1) I guess if say "htmlentities" or "htmlspecialchars", it will be safe in any case. 2) If I use a DOM sub-tree parser (like htmltidy is, afaik), then remove all tag attributes and flatten all non-whitelisted tags, then send every text node in the DOM tree through htmlspecialchars, then rebuild the html, then it will be safe - right? 3) If I use a bbcode or wiki markup parser to identify the wiki tokens, then clean the remaining text fragments with htmlspecialchars, then build the html, then it should be safe - correct? 4) As an extension to 2), I could allow some whitelisted attribute names and attribute values (using a regex filter for urls, for instance). It could still be safe, right?

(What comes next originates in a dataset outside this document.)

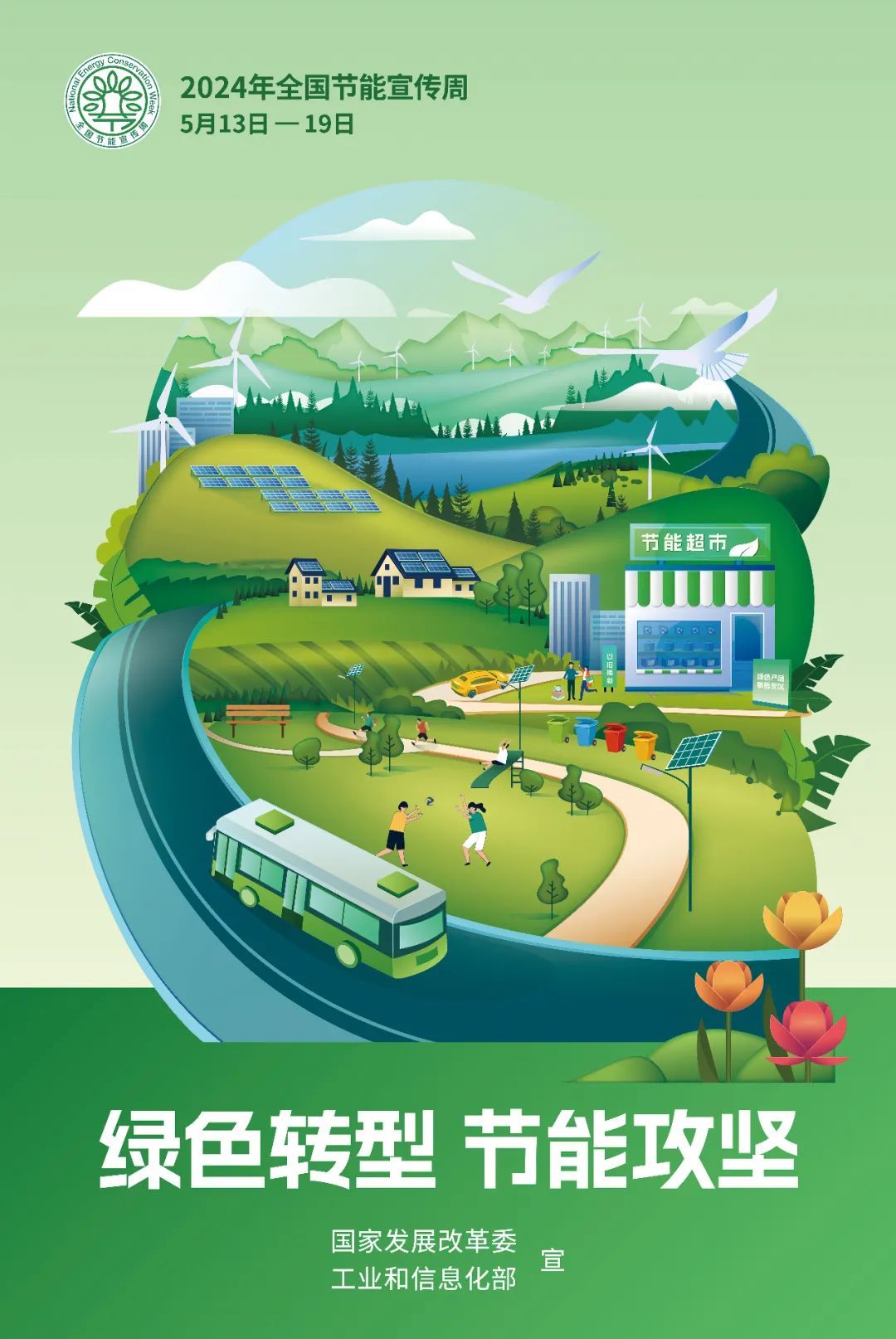 关于印发《煤电低碳化改造建设行动方案(2024—2027年)》的通知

For the alternatives discussed in the article: - Some of them have parameters the admin can set. As I understand, the article looks at the default configuration and then says it's not safe, or breaks. Does this mean, these tools could do the job with proper configuration? - When talking about wiki markup or bbcode, the article argues that too many things are filtered out, and we make some valuable formatting possibilities impossible. I guess that's why Wikipedia allows a subset of HTML. Again, I can ask, can you make these systems safe by being more strict about the available html tags?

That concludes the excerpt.